One unwelcome side effect of this phenomenon is that, if one carelessly stands downwind of the shoes and socks thus left lying around to catch the unwary office worker, the aroma that wafts its way towards you can best be described to those of a delicate constitution as ‘not pleasant’. 

Still, this is a small price to pay for the warm glow that somewhere out there a veritable army of householders is quietly going about its business of making ends meet, from paycheck to paycheck in most cases, while at the same time they are equally quietly, and probably with equal determination, continuing to practice their religious beliefs with the minimum of attention being called to themselves or their practices. 

The CB, in many ways, typifies the ‘silent majority’ of this country.
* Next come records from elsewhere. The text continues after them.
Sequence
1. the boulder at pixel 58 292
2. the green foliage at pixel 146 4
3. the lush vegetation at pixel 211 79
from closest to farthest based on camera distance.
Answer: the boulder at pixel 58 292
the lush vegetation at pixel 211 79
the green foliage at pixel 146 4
It is not that they do not have a political conscience; just yesterday I met one of their ranks whose words hurt some quarters so much that they employed both sticks and stones on him. Eventually, it was not the broken bones that deterred him as much as the fact that there was a family at home to provide for. And that, eventually, is the nature of this collective. They are much too pragmatic to be militant; too fettered by the mundanities of everyday existence. And they are for me the face of devout Islam. And I, for one, can put up with the sight of colleagues walking around in flip flops accompanying their shirt and tie for the pleasure of being in on the secret.